EXERCISE DESCRIPTION: From the listing below, set down exactly the lines between the one holding "Puma muška majica" and the one holding "Women's Floral Pattern", inclusive. No other line is wanted.

SOURCE DATA:

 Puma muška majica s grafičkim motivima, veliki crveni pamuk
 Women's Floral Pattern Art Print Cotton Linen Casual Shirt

* * *

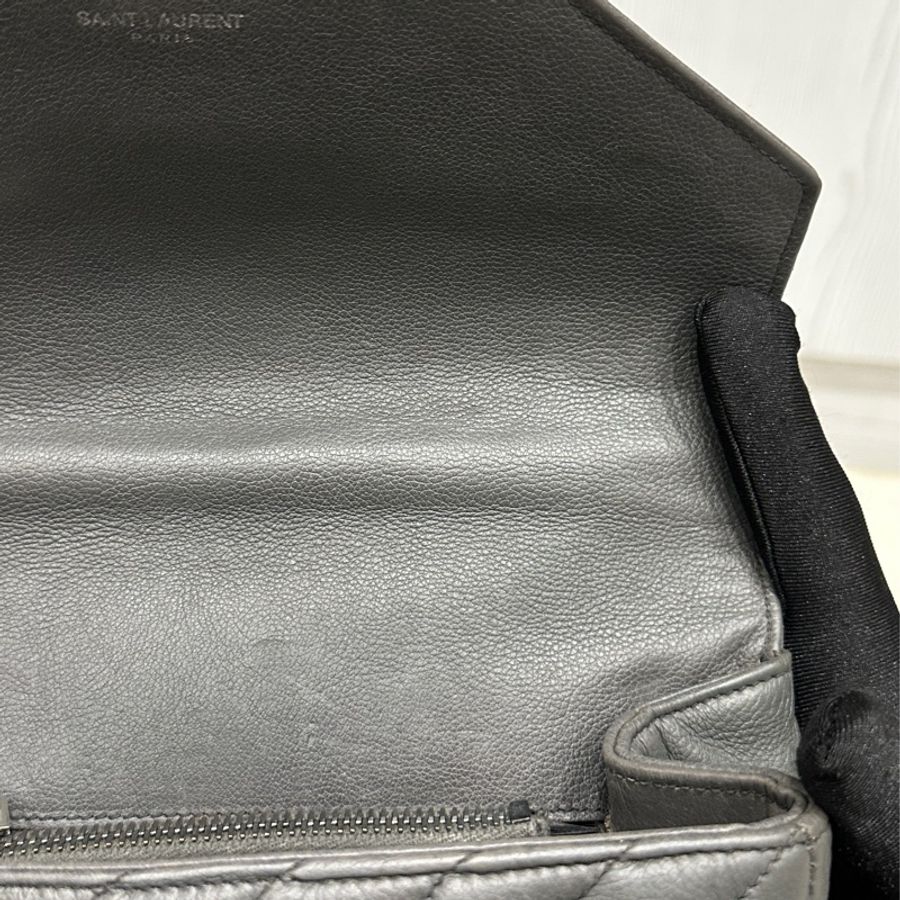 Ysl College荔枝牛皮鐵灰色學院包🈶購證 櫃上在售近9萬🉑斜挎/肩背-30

--

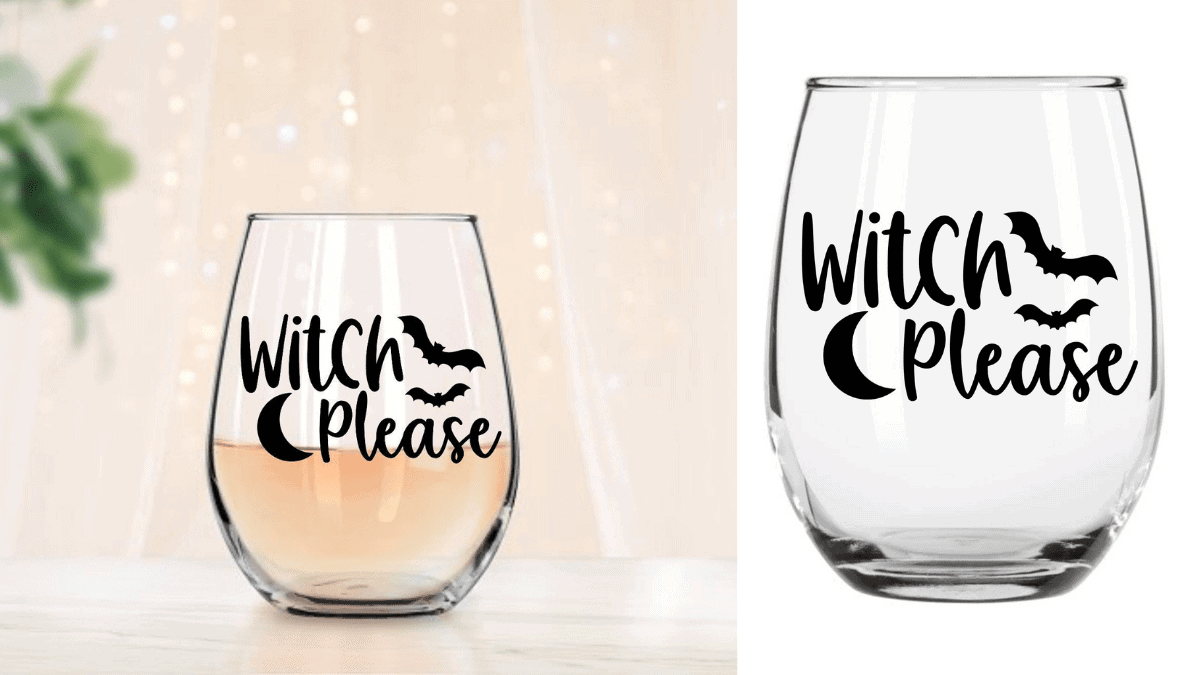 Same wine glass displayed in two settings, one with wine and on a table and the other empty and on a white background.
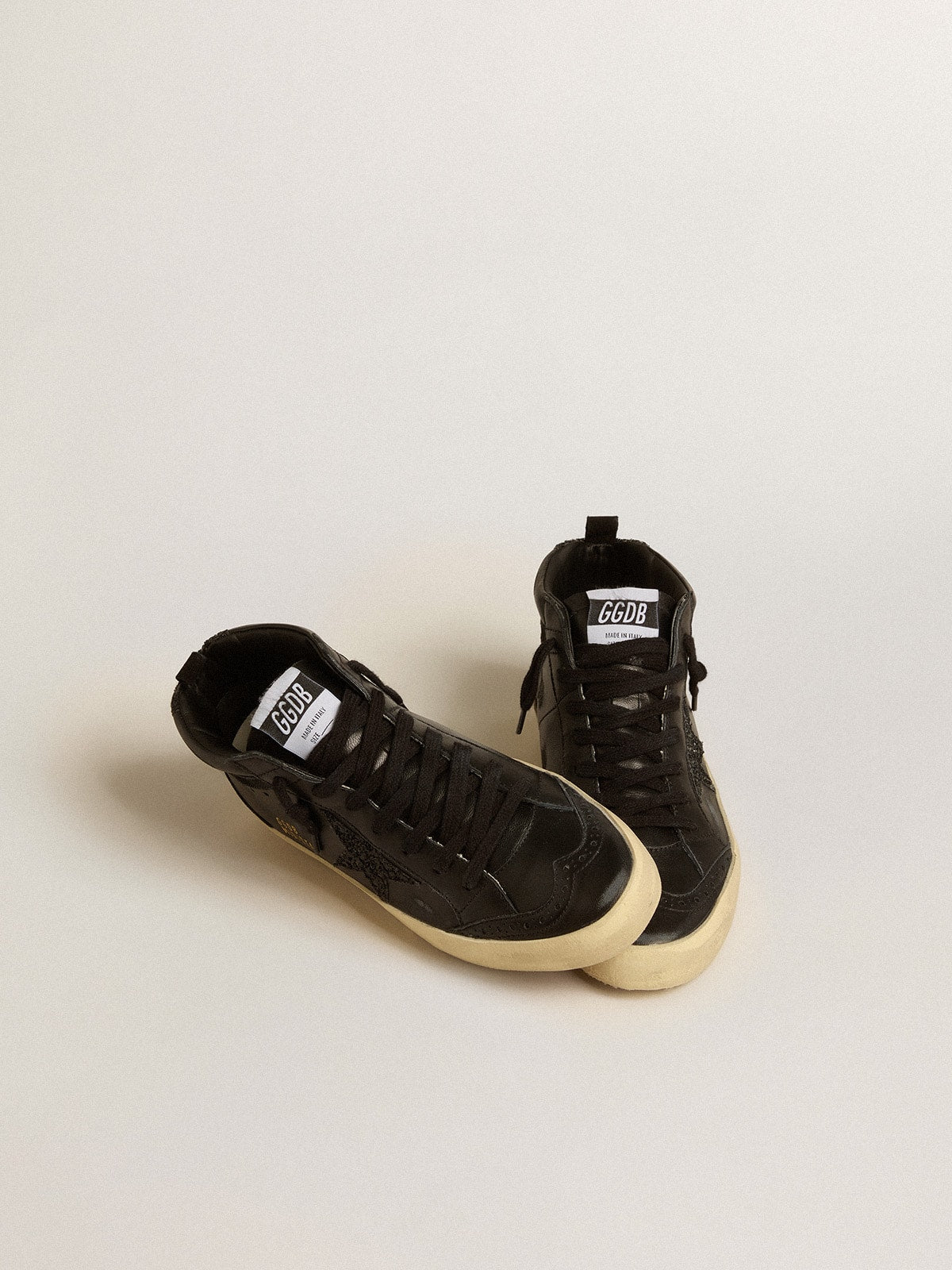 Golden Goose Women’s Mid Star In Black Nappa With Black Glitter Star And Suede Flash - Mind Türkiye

EXERCISE RESPONSE:
 Puma muška majica s grafičkim motivima, veliki crveni pamuk
 Women's Floral Pattern Art Print Cotton Linen Casual Shirt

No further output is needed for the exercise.